**Work request**
Below are the records; print them all without any alteration.

**Available records**
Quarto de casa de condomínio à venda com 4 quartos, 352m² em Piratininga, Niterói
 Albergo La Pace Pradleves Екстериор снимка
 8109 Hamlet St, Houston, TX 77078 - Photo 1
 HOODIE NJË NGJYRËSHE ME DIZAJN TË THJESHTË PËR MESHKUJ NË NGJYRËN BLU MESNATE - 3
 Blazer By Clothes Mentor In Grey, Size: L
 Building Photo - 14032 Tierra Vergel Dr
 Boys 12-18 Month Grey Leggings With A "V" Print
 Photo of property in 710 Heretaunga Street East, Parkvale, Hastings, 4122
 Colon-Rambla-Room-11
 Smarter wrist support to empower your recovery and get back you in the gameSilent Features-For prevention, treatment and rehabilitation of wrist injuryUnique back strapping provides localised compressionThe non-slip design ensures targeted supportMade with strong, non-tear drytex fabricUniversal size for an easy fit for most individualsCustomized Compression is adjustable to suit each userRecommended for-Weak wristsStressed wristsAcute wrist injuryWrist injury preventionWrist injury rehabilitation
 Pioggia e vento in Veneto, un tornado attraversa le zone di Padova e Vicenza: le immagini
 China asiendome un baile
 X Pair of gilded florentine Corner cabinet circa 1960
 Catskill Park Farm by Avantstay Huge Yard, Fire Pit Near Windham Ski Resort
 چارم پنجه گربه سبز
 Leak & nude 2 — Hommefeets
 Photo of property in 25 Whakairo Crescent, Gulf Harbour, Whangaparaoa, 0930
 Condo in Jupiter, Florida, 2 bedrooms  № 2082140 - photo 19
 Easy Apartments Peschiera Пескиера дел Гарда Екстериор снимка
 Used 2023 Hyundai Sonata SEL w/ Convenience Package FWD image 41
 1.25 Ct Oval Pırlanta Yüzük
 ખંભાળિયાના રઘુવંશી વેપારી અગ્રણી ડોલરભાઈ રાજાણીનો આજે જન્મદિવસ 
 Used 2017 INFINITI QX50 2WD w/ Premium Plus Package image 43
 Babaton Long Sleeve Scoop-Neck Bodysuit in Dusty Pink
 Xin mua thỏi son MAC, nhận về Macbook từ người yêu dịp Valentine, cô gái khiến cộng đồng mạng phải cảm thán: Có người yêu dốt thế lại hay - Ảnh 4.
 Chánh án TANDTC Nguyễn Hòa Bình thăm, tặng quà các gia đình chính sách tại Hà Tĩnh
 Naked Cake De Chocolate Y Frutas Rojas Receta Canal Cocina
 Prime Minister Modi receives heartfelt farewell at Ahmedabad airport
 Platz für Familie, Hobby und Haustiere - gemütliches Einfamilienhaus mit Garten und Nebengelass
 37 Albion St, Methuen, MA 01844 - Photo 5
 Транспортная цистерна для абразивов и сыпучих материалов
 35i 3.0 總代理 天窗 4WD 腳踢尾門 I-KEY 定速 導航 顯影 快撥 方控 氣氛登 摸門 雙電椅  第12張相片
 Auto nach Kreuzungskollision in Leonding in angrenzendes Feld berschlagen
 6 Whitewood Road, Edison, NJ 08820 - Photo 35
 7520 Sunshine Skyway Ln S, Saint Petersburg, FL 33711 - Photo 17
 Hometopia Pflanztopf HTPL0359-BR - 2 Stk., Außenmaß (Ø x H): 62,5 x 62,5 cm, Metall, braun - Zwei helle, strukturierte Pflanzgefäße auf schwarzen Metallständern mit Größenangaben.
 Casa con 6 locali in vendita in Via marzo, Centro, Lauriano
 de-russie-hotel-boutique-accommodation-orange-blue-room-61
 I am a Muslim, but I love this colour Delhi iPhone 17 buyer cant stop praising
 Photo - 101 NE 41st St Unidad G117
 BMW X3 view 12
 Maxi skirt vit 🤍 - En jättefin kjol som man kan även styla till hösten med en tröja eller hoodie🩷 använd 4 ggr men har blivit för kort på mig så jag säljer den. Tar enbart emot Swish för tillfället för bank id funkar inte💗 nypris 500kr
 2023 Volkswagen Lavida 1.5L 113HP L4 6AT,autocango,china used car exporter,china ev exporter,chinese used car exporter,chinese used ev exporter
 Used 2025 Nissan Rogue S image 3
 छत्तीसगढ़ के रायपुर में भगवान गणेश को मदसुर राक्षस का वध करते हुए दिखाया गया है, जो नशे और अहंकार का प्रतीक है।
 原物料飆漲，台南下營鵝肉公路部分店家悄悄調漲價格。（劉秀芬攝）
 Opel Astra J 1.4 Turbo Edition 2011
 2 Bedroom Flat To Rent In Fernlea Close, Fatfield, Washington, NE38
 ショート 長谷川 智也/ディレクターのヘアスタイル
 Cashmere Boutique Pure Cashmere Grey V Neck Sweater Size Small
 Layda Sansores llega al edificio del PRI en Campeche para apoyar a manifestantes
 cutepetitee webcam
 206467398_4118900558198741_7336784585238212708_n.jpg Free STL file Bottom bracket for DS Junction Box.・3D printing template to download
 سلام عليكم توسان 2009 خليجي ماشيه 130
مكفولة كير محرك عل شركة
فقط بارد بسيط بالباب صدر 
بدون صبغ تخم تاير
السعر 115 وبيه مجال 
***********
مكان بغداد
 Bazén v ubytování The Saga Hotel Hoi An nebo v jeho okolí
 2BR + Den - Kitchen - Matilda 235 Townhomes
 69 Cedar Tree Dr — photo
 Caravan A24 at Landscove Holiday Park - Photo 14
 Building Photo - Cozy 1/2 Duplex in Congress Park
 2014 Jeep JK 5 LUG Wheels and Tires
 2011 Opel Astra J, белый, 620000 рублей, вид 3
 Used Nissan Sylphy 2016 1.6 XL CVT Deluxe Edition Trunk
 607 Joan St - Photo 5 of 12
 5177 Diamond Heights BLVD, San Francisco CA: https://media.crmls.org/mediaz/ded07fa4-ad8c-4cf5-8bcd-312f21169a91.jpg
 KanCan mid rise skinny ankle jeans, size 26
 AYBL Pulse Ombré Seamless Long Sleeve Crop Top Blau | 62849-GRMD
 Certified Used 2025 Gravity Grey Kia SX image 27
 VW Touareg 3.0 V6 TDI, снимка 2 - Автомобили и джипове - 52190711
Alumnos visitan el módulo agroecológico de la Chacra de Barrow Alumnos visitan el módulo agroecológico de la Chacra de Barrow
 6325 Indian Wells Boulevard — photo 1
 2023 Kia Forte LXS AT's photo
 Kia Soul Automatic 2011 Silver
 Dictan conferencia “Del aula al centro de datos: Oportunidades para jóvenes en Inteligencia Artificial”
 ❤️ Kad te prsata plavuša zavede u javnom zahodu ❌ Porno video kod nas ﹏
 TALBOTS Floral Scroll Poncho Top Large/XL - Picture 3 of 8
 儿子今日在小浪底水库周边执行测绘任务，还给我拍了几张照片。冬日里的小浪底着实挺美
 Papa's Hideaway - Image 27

**Answer below**
Quarto de casa de condomínio à venda com 4 quartos, 352m² em Piratininga, Niterói
 Albergo La Pace Pradleves Екстериор снимка
 8109 Hamlet St, Houston, TX 77078 - Photo 1
 HOODIE NJË NGJYRËSHE ME DIZAJN TË THJESHTË PËR MESHKUJ NË NGJYRËN BLU MESNATE - 3
 Blazer By Clothes Mentor In Grey, Size: L
 Building Photo - 14032 Tierra Vergel Dr
 Boys 12-18 Month Grey Leggings With A "V" Print
 Photo of property in 710 Heretaunga Street East, Parkvale, Hastings, 4122
 Colon-Rambla-Room-11
 Smarter wrist support to empower your recovery and get back you in the gameSilent Features-For prevention, treatment and rehabilitation of wrist injuryUnique back strapping provides localised compressionThe non-slip design ensures targeted supportMade with strong, non-tear drytex fabricUniversal size for an easy fit for most individualsCustomized Compression is adjustable to suit each userRecommended for-Weak wristsStressed wristsAcute wrist injuryWrist injury preventionWrist injury rehabilitation
 Pioggia e vento in Veneto, un tornado attraversa le zone di Padova e Vicenza: le immagini
 China asiendome un baile
 X Pair of gilded florentine Corner cabinet circa 1960
 Catskill Park Farm by Avantstay Huge Yard, Fire Pit Near Windham Ski Resort
 چارم پنجه گربه سبز
 Leak & nude 2 — Hommefeets
 Photo of property in 25 Whakairo Crescent, Gulf Harbour, Whangaparaoa, 0930
 Condo in Jupiter, Florida, 2 bedrooms  № 2082140 - photo 19
 Easy Apartments Peschiera Пескиера дел Гарда Екстериор снимка
 Used 2023 Hyundai Sonata SEL w/ Convenience Package FWD image 41
 1.25 Ct Oval Pırlanta Yüzük
 ખંભાળિયાના રઘુવંશી વેપારી અગ્રણી ડોલરભાઈ રાજાણીનો આજે જન્મદિવસ 
 Used 2017 INFINITI QX50 2WD w/ Premium Plus Package image 43
 Babaton Long Sleeve Scoop-Neck Bodysuit in Dusty Pink
 Xin mua thỏi son MAC, nhận về Macbook từ người yêu dịp Valentine, cô gái khiến cộng đồng mạng phải cảm thán: Có người yêu dốt thế lại hay - Ảnh 4.
 Chánh án TANDTC Nguyễn Hòa Bình thăm, tặng quà các gia đình chính sách tại Hà Tĩnh
 Naked Cake De Chocolate Y Frutas Rojas Receta Canal Cocina
 Prime Minister Modi receives heartfelt farewell at Ahmedabad airport
 Platz für Familie, Hobby und Haustiere - gemütliches Einfamilienhaus mit Garten und Nebengelass
 37 Albion St, Methuen, MA 01844 - Photo 5
 Транспортная цистерна для абразивов и сыпучих материалов
 35i 3.0 總代理 天窗 4WD 腳踢尾門 I-KEY 定速 導航 顯影 快撥 方控 氣氛登 摸門 雙電椅  第12張相片
 Auto nach Kreuzungskollision in Leonding in angrenzendes Feld berschlagen
 6 Whitewood Road, Edison, NJ 08820 - Photo 35
 7520 Sunshine Skyway Ln S, Saint Petersburg, FL 33711 - Photo 17
 Hometopia Pflanztopf HTPL0359-BR - 2 Stk., Außenmaß (Ø x H): 62,5 x 62,5 cm, Metall, braun - Zwei helle, strukturierte Pflanzgefäße auf schwarzen Metallständern mit Größenangaben.
 Casa con 6 locali in vendita in Via marzo, Centro, Lauriano
 de-russie-hotel-boutique-accommodation-orange-blue-room-61
 I am a Muslim, but I love this colour Delhi iPhone 17 buyer cant stop praising
 Photo - 101 NE 41st St Unidad G117
 BMW X3 view 12
 Maxi skirt vit 🤍 - En jättefin kjol som man kan även styla till hösten med en tröja eller hoodie🩷 använd 4 ggr men har blivit för kort på mig så jag säljer den. Tar enbart emot Swish för tillfället för bank id funkar inte💗 nypris 500kr
 2023 Volkswagen Lavida 1.5L 113HP L4 6AT,autocango,china used car exporter,china ev exporter,chinese used car exporter,chinese used ev exporter
 Used 2025 Nissan Rogue S image 3
 छत्तीसगढ़ के रायपुर में भगवान गणेश को मदसुर राक्षस का वध करते हुए दिखाया गया है, जो नशे और अहंकार का प्रतीक है।
 原物料飆漲，台南下營鵝肉公路部分店家悄悄調漲價格。（劉秀芬攝）
 Opel Astra J 1.4 Turbo Edition 2011
 2 Bedroom Flat To Rent In Fernlea Close, Fatfield, Washington, NE38
 ショート 長谷川 智也/ディレクターのヘアスタイル
 Cashmere Boutique Pure Cashmere Grey V Neck Sweater Size Small
 Layda Sansores llega al edificio del PRI en Campeche para apoyar a manifestantes
 cutepetitee webcam
 206467398_4118900558198741_7336784585238212708_n.jpg Free STL file Bottom bracket for DS Junction Box.・3D printing template to download
 سلام عليكم توسان 2009 خليجي ماشيه 130
مكفولة كير محرك عل شركة
فقط بارد بسيط بالباب صدر 
بدون صبغ تخم تاير
السعر 115 وبيه مجال 
***********
مكان بغداد
 Bazén v ubytování The Saga Hotel Hoi An nebo v jeho okolí
 2BR + Den - Kitchen - Matilda 235 Townhomes
 69 Cedar Tree Dr — photo
 Caravan A24 at Landscove Holiday Park - Photo 14
 Building Photo - Cozy 1/2 Duplex in Congress Park
 2014 Jeep JK 5 LUG Wheels and Tires
 2011 Opel Astra J, белый, 620000 рублей, вид 3
 Used Nissan Sylphy 2016 1.6 XL CVT Deluxe Edition Trunk
 607 Joan St - Photo 5 of 12
 5177 Diamond Heights BLVD, San Francisco CA: https://media.crmls.org/mediaz/ded07fa4-ad8c-4cf5-8bcd-312f21169a91.jpg
 KanCan mid rise skinny ankle jeans, size 26
 AYBL Pulse Ombré Seamless Long Sleeve Crop Top Blau | 62849-GRMD
 Certified Used 2025 Gravity Grey Kia SX image 27
 VW Touareg 3.0 V6 TDI, снимка 2 - Автомобили и джипове - 52190711
Alumnos visitan el módulo agroecológico de la Chacra de Barrow Alumnos visitan el módulo agroecológico de la Chacra de Barrow
 6325 Indian Wells Boulevard — photo 1
 2023 Kia Forte LXS AT's photo
 Kia Soul Automatic 2011 Silver
 Dictan conferencia “Del aula al centro de datos: Oportunidades para jóvenes en Inteligencia Artificial”
 ❤️ Kad te prsata plavuša zavede u javnom zahodu ❌ Porno video kod nas ﹏
 TALBOTS Floral Scroll Poncho Top Large/XL - Picture 3 of 8
 儿子今日在小浪底水库周边执行测绘任务，还给我拍了几张照片。冬日里的小浪底着实挺美
 Papa's Hideaway - Image 27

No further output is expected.